Sheafe, for his part, doesn’t let all this bother him. Money? Not his problem. Unhappy citizens? Not his problem either. “That’s totally outside my purview,” he said during a telephone interview in May. “It doesn’t affect me in the job that we do one way or another. Our mandate is clear; our responsibilities are clear. The politics of the local reception for the event doesn’t affect our way of thinking at all.”

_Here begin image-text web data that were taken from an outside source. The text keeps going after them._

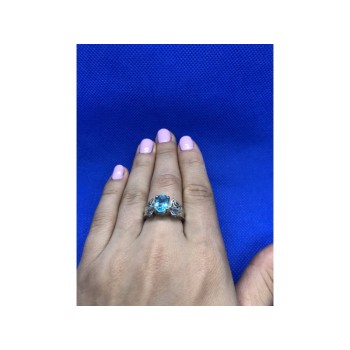 925 Sterling Silver Blue Spinel Ring Size 6.5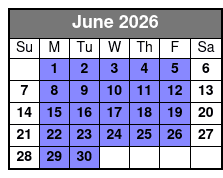 Tampa Bay, Mini-Boat 1 Hour Rental June Schedule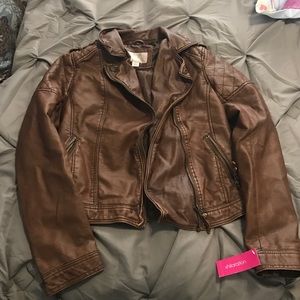 Brown leather jacket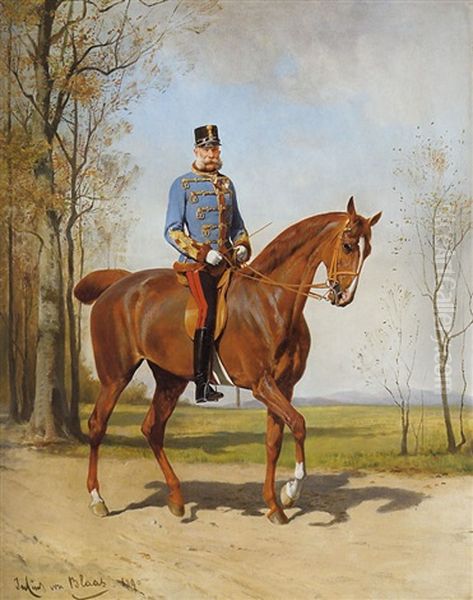 Kaiser Franz Joseph I. Zu Pferde Oil Painting by Julius von Blaas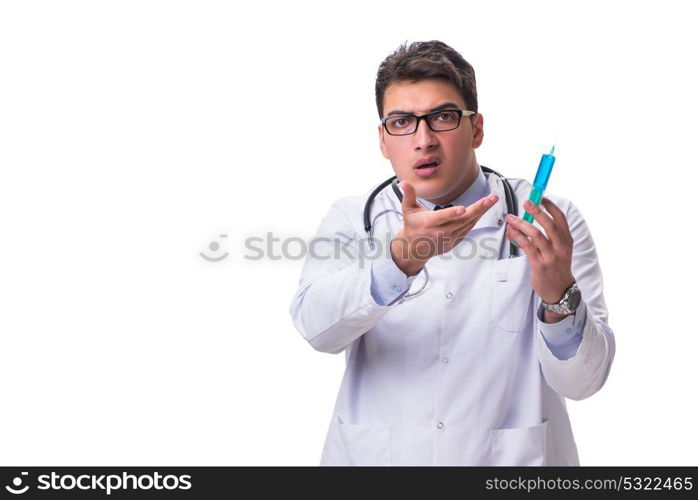 Young male doctor with a syringe isolated on white background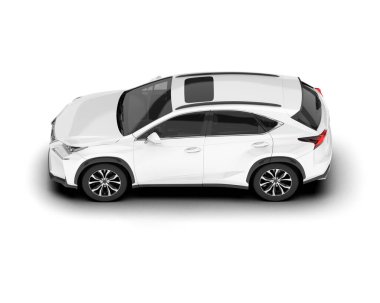 Beyaz SUV beyaz arka planda izole edilmiş. 3d görüntüleme - illüstrasyon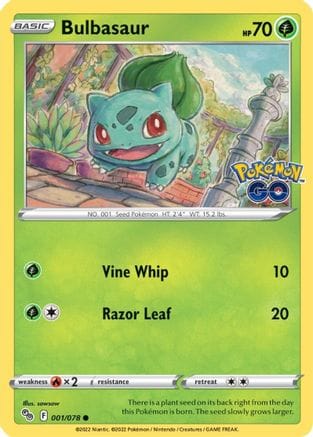 'Pokemon - 'Bulbasaur 001/078  Pokemon GO - Common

And in the end, that’s what it is, really. Politics. “This seems to be a very political city,” said Sheafe in May. “We were in a meeting yesterday, and somebody said that the three most important things in the city of Boston are sports, politics and revenge. Luckily for me, I’m not from Boston, so I don’t come in with any preconceived notions. All I know is that I’ve got to work with whomever is assigned from these other departments to do what we can to meet our obligations from a security standpoint. I’m not an expert on how to make somebody look good on TV, so I don’t trouble myself with that.”

Lemonade

As it turns out, trouble was kept to a minimum. The convention came and went, got its business done and concluded with scarcely a ripple of disruption. Some demonstrators clashed with police on Thursday afternoon, the convention’s final day. But by 1968 Chicago standards, it was a decidedly trivial encounter. Police reported on Friday that they had made only six arrests during the entire week and officials said that they had spent far less than budgeted for convention security. Best of all, of course, terrorism stayed away.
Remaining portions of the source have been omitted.